What the exercise asks: Only one stretch of the data is wanted: the line containing "Aerial view of Newport Beach in July 2014", the line containing "Agradecimiento Bebés 1er", and every line between them, copied exactly.

Data listing:
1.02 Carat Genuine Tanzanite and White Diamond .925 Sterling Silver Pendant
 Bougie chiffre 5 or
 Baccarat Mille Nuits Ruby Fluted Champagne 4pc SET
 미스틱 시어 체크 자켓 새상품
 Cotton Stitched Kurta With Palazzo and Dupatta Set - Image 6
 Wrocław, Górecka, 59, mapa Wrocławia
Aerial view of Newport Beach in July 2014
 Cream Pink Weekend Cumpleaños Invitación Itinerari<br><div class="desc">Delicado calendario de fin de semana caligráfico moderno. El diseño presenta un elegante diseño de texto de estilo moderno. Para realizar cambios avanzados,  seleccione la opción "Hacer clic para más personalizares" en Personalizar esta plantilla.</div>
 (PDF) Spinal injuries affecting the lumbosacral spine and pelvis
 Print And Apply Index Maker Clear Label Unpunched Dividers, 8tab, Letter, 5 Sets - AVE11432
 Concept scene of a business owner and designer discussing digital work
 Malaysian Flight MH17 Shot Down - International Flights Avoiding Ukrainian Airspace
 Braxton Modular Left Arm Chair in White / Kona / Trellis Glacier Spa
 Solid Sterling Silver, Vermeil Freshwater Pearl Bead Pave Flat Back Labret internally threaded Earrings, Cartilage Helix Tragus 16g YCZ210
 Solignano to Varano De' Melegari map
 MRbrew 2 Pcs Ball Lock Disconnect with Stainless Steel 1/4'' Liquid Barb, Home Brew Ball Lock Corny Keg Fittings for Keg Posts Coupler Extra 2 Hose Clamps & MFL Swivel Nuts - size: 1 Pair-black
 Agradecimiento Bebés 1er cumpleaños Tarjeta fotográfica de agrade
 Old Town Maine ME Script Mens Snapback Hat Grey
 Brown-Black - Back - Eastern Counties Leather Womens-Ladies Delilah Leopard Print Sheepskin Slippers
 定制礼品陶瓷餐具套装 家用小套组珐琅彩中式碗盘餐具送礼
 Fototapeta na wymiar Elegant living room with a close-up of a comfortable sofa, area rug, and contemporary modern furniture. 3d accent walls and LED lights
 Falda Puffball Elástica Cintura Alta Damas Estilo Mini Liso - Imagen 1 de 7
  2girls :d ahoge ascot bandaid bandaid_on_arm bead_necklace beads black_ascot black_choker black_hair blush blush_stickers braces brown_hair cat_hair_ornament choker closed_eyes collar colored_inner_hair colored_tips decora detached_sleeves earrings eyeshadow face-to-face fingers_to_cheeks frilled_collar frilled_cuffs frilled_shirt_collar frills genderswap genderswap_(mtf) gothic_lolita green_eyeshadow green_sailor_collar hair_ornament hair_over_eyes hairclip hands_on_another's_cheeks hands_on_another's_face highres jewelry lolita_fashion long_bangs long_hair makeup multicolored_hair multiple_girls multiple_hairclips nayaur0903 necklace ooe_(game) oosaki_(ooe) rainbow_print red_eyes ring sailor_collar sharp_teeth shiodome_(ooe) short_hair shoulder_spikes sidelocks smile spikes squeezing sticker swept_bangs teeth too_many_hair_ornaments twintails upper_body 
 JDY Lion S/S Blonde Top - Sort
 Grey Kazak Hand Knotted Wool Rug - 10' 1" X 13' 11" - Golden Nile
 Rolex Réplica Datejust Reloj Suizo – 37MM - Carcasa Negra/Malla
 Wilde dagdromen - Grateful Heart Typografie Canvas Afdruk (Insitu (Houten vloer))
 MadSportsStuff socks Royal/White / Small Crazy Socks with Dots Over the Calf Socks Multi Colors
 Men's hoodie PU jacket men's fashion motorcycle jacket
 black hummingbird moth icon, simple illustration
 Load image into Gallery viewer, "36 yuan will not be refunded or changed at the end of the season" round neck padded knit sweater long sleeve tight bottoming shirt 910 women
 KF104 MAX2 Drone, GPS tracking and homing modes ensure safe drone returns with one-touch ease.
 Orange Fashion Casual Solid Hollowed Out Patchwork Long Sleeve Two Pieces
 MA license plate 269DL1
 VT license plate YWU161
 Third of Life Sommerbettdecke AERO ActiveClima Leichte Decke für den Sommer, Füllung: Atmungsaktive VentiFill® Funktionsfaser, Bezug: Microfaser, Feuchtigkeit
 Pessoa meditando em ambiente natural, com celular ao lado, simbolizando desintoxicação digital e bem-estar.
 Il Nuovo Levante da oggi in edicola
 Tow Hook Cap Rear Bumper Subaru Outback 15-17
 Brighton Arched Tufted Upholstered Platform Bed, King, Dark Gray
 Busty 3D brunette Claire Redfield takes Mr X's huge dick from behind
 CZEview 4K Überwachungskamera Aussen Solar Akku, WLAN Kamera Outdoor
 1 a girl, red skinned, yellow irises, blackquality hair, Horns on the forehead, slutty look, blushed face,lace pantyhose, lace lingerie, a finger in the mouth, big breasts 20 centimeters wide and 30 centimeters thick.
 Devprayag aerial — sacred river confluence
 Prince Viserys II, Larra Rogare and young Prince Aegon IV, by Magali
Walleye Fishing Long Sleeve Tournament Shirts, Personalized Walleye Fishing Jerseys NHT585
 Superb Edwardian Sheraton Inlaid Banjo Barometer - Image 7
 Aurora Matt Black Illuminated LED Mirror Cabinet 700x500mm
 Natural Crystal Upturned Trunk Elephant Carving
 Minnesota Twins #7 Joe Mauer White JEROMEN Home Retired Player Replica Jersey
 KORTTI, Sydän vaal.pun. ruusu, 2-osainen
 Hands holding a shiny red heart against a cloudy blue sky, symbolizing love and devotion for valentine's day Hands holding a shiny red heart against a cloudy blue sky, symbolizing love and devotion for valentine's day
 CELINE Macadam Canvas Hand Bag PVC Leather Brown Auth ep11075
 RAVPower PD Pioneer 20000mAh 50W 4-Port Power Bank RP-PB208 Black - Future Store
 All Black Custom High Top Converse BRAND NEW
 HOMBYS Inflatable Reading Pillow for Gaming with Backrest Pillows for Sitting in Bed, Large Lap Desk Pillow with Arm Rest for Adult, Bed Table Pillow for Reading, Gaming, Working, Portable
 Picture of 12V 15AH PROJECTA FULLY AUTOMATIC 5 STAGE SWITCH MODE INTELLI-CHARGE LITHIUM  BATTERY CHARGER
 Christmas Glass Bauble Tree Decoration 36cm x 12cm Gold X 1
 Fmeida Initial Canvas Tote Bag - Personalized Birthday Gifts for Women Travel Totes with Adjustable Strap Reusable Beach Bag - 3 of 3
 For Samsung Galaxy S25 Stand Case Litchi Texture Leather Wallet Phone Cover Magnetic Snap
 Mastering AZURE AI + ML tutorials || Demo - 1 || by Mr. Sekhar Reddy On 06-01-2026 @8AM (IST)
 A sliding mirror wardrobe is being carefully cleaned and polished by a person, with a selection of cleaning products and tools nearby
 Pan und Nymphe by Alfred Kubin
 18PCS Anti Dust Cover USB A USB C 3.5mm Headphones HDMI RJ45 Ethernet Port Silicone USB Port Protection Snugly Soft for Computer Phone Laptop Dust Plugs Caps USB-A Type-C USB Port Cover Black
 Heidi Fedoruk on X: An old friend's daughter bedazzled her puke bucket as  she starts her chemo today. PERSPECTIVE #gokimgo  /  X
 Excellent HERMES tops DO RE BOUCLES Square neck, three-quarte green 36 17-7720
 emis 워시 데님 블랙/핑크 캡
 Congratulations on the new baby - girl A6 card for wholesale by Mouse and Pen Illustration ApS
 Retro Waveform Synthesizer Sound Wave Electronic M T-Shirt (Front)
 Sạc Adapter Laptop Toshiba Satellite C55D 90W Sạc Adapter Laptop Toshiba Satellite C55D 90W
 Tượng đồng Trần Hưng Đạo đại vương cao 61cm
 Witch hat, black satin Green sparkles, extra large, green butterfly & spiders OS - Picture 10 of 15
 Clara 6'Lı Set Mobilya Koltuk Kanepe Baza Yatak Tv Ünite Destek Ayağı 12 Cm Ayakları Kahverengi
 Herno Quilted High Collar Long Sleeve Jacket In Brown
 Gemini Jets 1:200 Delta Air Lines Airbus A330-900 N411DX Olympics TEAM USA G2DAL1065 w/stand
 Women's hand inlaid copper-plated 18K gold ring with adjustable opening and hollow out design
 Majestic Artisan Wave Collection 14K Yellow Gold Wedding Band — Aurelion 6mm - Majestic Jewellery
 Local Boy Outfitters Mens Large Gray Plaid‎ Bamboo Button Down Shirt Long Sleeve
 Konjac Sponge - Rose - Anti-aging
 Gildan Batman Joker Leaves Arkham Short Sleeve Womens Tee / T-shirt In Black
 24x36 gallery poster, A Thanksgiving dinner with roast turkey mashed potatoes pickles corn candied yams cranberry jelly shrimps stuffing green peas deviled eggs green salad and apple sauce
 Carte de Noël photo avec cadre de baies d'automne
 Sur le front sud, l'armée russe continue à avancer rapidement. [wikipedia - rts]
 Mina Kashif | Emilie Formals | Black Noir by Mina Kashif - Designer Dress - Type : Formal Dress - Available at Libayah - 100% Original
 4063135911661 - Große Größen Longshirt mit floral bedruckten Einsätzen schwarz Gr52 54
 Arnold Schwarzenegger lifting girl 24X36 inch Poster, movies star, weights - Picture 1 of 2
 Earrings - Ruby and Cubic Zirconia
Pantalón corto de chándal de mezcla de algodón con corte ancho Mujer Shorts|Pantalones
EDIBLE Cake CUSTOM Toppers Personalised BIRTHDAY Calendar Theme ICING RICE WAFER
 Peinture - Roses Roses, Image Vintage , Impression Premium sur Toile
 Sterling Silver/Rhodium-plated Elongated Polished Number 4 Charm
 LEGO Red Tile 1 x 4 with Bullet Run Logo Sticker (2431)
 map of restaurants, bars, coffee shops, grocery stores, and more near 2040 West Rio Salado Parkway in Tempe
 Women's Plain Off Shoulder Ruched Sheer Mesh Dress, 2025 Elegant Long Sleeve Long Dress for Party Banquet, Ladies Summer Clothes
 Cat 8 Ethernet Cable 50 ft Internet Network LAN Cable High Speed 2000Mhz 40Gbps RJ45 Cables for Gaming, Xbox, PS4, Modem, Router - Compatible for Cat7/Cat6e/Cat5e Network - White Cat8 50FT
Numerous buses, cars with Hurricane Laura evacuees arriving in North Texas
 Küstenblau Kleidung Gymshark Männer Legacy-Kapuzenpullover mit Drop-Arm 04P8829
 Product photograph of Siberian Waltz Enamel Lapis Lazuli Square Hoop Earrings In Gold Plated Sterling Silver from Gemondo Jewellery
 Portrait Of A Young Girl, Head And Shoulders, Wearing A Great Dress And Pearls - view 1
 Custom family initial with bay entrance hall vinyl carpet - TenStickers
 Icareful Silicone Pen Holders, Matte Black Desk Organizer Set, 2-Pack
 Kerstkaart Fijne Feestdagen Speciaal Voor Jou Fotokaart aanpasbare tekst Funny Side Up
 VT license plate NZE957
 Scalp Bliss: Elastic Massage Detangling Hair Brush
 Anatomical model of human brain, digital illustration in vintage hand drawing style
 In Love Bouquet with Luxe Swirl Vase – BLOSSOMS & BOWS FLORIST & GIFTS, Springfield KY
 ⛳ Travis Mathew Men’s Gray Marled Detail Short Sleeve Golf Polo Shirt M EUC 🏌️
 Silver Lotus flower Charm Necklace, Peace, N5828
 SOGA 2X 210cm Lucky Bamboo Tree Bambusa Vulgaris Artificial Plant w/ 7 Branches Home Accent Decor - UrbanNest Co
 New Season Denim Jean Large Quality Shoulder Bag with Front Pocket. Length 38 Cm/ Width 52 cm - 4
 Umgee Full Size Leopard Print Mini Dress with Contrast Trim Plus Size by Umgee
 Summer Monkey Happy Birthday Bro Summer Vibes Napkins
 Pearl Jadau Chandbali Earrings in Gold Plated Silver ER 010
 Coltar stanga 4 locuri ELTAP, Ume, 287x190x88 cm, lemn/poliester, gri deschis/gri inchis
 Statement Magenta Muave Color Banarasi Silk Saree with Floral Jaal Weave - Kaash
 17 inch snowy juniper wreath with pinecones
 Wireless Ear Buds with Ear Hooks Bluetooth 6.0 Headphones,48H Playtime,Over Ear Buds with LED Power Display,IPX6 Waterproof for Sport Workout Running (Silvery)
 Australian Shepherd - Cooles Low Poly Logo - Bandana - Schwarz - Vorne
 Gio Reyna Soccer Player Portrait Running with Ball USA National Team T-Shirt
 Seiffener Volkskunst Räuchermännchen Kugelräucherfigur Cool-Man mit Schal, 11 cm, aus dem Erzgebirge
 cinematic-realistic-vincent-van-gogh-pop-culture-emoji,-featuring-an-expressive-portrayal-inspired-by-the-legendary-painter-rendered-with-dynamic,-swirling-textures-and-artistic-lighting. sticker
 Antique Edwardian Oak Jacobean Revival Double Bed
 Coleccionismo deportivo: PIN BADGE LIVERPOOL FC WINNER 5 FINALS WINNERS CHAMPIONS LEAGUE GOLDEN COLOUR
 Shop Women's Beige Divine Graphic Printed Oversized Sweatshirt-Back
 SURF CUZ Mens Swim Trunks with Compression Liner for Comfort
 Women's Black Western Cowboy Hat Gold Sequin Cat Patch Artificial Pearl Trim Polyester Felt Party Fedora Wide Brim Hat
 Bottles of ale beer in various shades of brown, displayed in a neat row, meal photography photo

Answer for the task:
Aerial view of Newport Beach in July 2014
 Cream Pink Weekend Cumpleaños Invitación Itinerari<br><div class="desc">Delicado calendario de fin de semana caligráfico moderno. El diseño presenta un elegante diseño de texto de estilo moderno. Para realizar cambios avanzados,  seleccione la opción "Hacer clic para más personalizares" en Personalizar esta plantilla.</div>
 (PDF) Spinal injuries affecting the lumbosacral spine and pelvis
 Print And Apply Index Maker Clear Label Unpunched Dividers, 8tab, Letter, 5 Sets - AVE11432
 Concept scene of a business owner and designer discussing digital work
 Malaysian Flight MH17 Shot Down - International Flights Avoiding Ukrainian Airspace
 Braxton Modular Left Arm Chair in White / Kona / Trellis Glacier Spa
 Solid Sterling Silver, Vermeil Freshwater Pearl Bead Pave Flat Back Labret internally threaded Earrings, Cartilage Helix Tragus 16g YCZ210
 Solignano to Varano De' Melegari map
 MRbrew 2 Pcs Ball Lock Disconnect with Stainless Steel 1/4'' Liquid Barb, Home Brew Ball Lock Corny Keg Fittings for Keg Posts Coupler Extra 2 Hose Clamps & MFL Swivel Nuts - size: 1 Pair-black
 Agradecimiento Bebés 1er cumpleaños Tarjeta fotográfica de agrade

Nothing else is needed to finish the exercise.